▸ **PROBLEM REQUIREMENTS**
Once you reach the line containing "Vijji-telugu stripchat live cam model" in the entries below, write out that line and each one after it down to the line containing "Used 2025 Cadillac", exactly and with nothing added.

▸ **SUPPLIED DATA**

* * * * *

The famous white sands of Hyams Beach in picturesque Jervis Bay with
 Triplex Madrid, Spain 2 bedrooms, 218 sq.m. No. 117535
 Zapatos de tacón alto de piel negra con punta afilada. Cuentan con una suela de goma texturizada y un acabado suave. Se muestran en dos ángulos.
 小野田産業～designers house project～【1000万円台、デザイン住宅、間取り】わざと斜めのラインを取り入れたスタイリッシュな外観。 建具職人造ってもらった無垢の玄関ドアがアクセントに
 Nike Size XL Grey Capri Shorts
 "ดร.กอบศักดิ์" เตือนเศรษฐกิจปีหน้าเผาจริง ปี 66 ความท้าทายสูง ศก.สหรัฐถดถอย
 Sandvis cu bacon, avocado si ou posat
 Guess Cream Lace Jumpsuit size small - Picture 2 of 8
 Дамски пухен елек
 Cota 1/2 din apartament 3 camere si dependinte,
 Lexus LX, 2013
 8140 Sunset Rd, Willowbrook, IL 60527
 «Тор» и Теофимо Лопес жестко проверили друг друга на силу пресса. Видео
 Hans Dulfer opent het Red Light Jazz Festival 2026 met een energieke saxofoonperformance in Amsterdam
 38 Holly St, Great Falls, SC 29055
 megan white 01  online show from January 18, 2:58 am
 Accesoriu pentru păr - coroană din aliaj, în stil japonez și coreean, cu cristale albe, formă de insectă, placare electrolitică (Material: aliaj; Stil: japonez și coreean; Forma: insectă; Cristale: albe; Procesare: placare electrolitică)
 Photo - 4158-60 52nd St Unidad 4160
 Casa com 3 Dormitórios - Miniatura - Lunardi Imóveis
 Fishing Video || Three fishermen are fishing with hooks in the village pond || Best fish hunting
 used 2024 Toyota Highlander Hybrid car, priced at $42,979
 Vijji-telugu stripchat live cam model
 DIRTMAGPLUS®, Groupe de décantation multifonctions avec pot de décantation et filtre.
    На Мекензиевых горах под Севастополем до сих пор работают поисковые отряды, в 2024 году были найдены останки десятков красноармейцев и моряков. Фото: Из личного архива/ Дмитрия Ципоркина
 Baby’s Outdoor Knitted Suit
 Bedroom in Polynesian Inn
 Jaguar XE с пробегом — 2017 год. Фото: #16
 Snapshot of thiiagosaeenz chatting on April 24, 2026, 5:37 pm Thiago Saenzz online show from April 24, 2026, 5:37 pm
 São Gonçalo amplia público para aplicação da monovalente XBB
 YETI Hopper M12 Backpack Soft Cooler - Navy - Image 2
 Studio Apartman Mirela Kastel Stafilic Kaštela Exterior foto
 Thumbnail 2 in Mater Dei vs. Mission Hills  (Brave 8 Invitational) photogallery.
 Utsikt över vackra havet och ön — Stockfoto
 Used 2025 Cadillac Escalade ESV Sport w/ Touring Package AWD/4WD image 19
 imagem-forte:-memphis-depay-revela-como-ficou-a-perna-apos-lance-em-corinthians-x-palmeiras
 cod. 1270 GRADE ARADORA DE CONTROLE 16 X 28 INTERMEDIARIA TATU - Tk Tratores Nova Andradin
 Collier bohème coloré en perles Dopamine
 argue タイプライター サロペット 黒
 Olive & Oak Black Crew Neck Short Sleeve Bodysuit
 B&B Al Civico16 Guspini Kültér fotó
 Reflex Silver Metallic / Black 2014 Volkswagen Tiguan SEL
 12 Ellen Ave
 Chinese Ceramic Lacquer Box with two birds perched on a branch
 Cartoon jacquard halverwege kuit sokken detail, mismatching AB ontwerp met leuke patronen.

* * * * *

▸ **RESULT OF THE TASK**
 Vijji-telugu stripchat live cam model
 DIRTMAGPLUS®, Groupe de décantation multifonctions avec pot de décantation et filtre.
    На Мекензиевых горах под Севастополем до сих пор работают поисковые отряды, в 2024 году были найдены останки десятков красноармейцев и моряков. Фото: Из личного архива/ Дмитрия Ципоркина
 Baby’s Outdoor Knitted Suit
 Bedroom in Polynesian Inn
 Jaguar XE с пробегом — 2017 год. Фото: #16
 Snapshot of thiiagosaeenz chatting on April 24, 2026, 5:37 pm Thiago Saenzz online show from April 24, 2026, 5:37 pm
 São Gonçalo amplia público para aplicação da monovalente XBB
 YETI Hopper M12 Backpack Soft Cooler - Navy - Image 2
 Studio Apartman Mirela Kastel Stafilic Kaštela Exterior foto
 Thumbnail 2 in Mater Dei vs. Mission Hills  (Brave 8 Invitational) photogallery.
 Utsikt över vackra havet och ön — Stockfoto
 Used 2025 Cadillac Escalade ESV Sport w/ Touring Package AWD/4WD image 19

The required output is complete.